Online instrument measurement and offline lab analysis are commonly used to study PM_2.5 compositions. These methods can precisely identify the chemical components and source apportionments of PM_2.5, which are widely employed in the investigation of secondary particulate matter and its effects on air pollution change [18,19,20,24]. However, these online and offline observation methods can only conduct short-term, single-point studies due to substantial economic costs and huge workforce requirements. Additionally, numerical models, such as the chemical transport model (CTM), are also useful tools for characterizing the secondary PM_2.5. Nevertheless, the uncertainties of physical and chemical processes in the CTM and the significant dependence of CTM modeling on air pollutant emissions and meteorological drivers impede the wide use of numerical models to study secondary PM_2.5 components [25,26].

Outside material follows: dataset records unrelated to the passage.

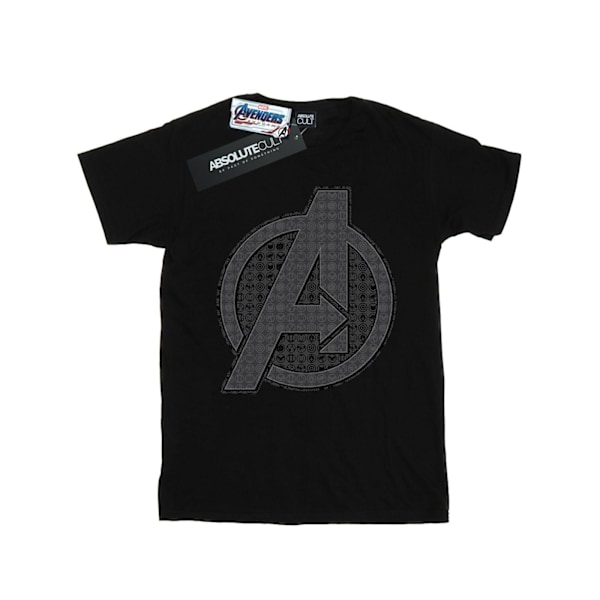 Marvel Womens/Ladies Avengers Endgame Iconic Logo Cotton Boyfri Black M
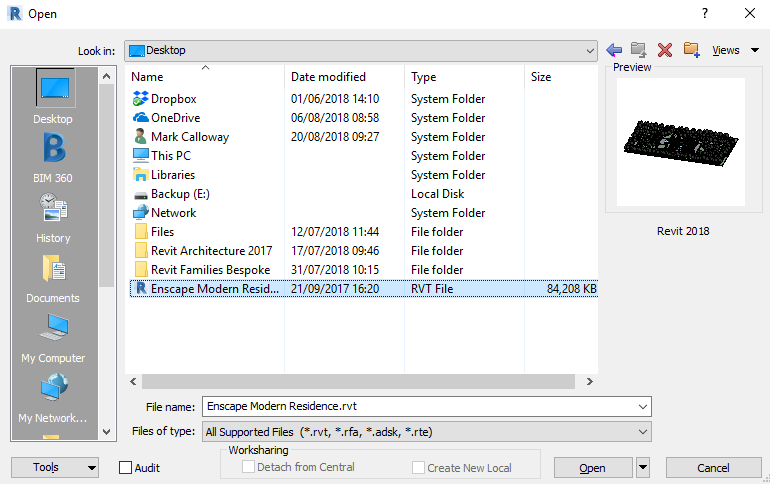 Revit Project File Showing Version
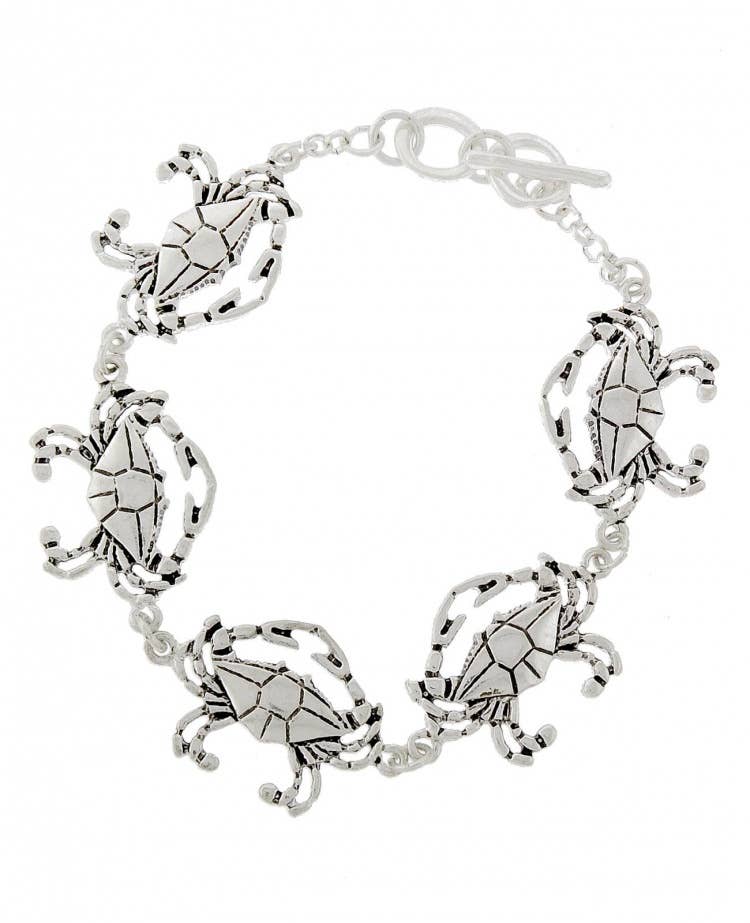 0011 PREMIERE - Wholesale Schakelarmband - FR4706 Antieke zilveren armband met krabschakel en ketting1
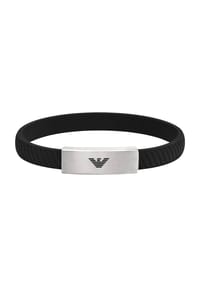 EMPORIO ARMANI - Herren Armband, Edelstahl/Silikon - SILBER/SCHWARZ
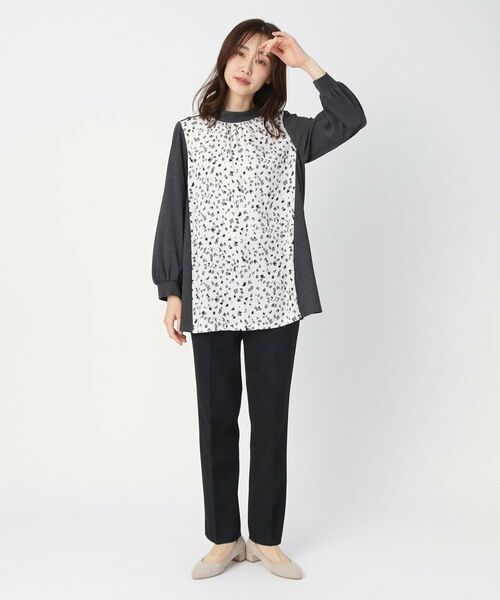 CORDIER / コルディア チュニック | プリントドッキングデザインチュニックプルオーバージャージ | 詳細10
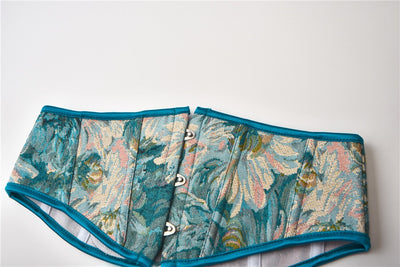 Faja Reductora con Estampado de Crisantemo Azul y Cierre de Cordones - Image 8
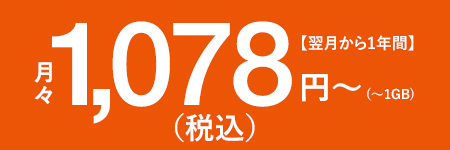 月々1,078円（税込）～【翌月から1年間】（～1GB）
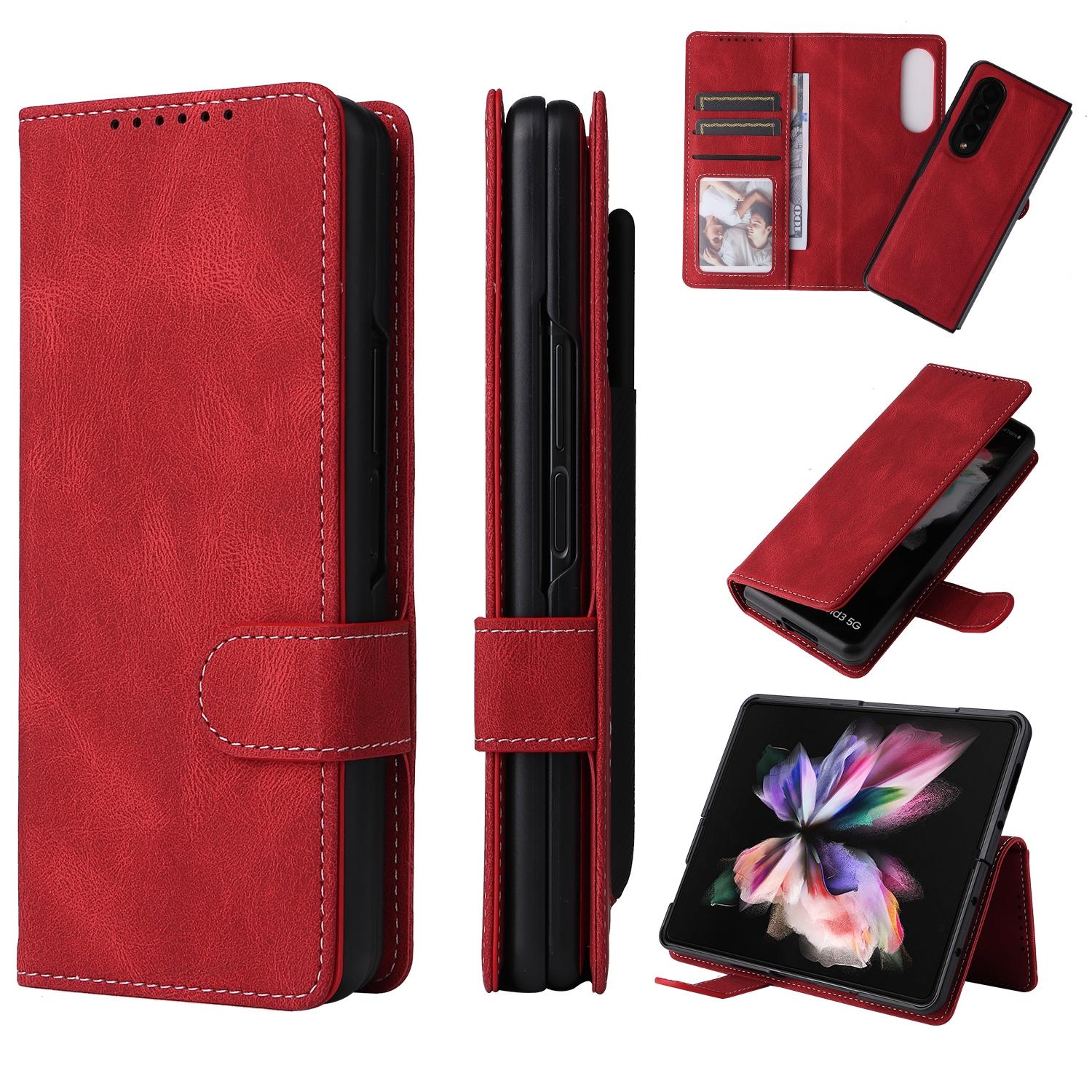 For Samsung Galaxy Z Fold4 5G Foldable Leather Case - Detachable - Dark Green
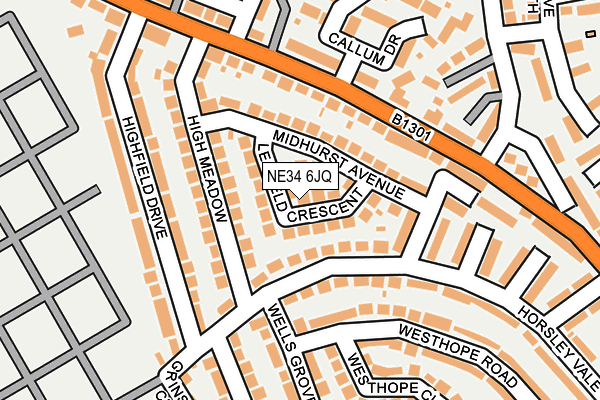 NE34 6JQ map - OS OpenMap – Local (Ordnance Survey)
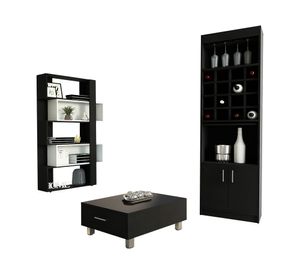 Mesa centro + bar + biblioteca cubo Beijing wengue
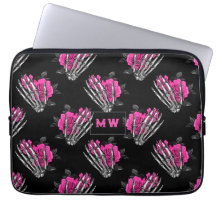 Vintage Gotische Roze Rozen Skelet Monogram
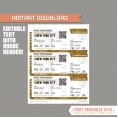 Editable Airplane Boarding Pass (Glitter Gold) 
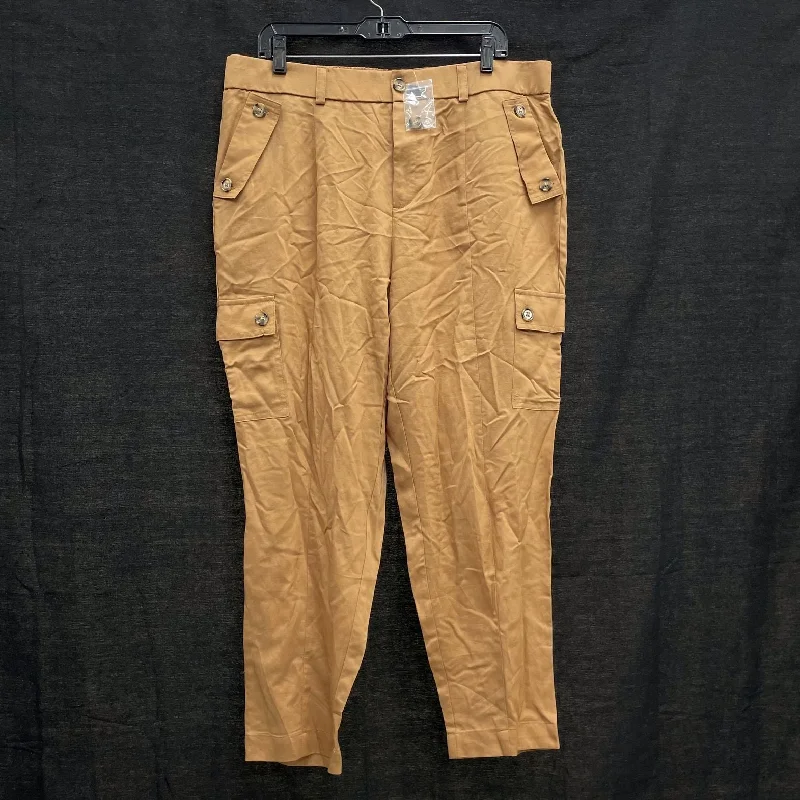 NWT Wmns TORRID Linen Blend Tan Brown Lightweight Pants Sz 14 Slim Fit Casual Pants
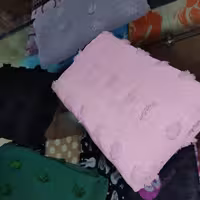 مینی اسکارف پوم پوم شبز صورتی طوسی 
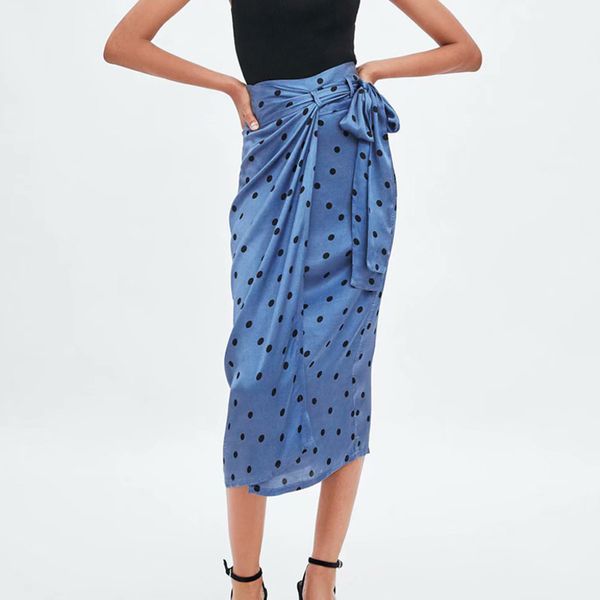 women chic dots print blue wrap skirts bow tie sashes split female 2019 casual straight mid calf skirts faldas mujer womens a987, Black
women chic dots print blue wrap skirts bow tie sashes split female 2019 casual straight mid calf skirts faldas mujer womens a987, Black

Chang and Lee [27] proposed a method for estimating the secondary particles based on the conventional measurements of PM_2.5, CO, and O₃ with the following considerations: (1) the primary PM_2.5 (PPM) is the dominant contributor to ambient PM_2.5 under low oxidation capacity with daily maximum O₃ concentrations of O_3-max < 60 ppb. (2) the ratio of observed PM_2.5 and CO under low oxidation capacity (O_3-max < 60 ppb), denoted as (PPM/CO)_L, is used to represent the fraction of PPM from emission sources, as CO is a typical tracer of primary air pollutants from anthropogenic emissions. (3) The PPM in the light (60 ppb < O_3-max < 80 ppb), moderate (80 ppb < O_3-max < 120 ppb), and heavy (O_3-max > 120 ppb) levels of oxidation capacity can be estimated with the following Equation (1):

PPM = CO × (PPM/CO)_L

(1)

(4) based on the estimation of PPM from Equation (1), the SPM concentrations and their contribution to ambient PM_2.5 (SPMC) are quantitatively estimated with the following equations:

SPM = PM_2.5 − PPM

(2)

SPMC = SPM/PM_2.5

(3)

This method of Chang and Lee has been applied widely to assess the secondary particles and their contribution to changes in the atmospheric environment [28,29,30]. However, Gu [31] argued that the contribution of secondary components to PM_2.5 cannot be ignored, even in low atmospheric oxidation in the ambient atmosphere, and the weak practicality of Chang and Lee’s methods merely resulted from the uncertainties in (PPM/CO)_L, the fraction of PPM from anthropogenic emission sources. Similar to air pollutant change, the uncertainties in (PPM/CO)_L are generally decided by meteorological conditions and air pollutant emissions [32]. Therefore, reducing the uncertainties in (PPM/CO)_L could improve the method of estimating SPM by considering the influences of meteorological conditions and anthropogenic emissions in the development of the method for this study.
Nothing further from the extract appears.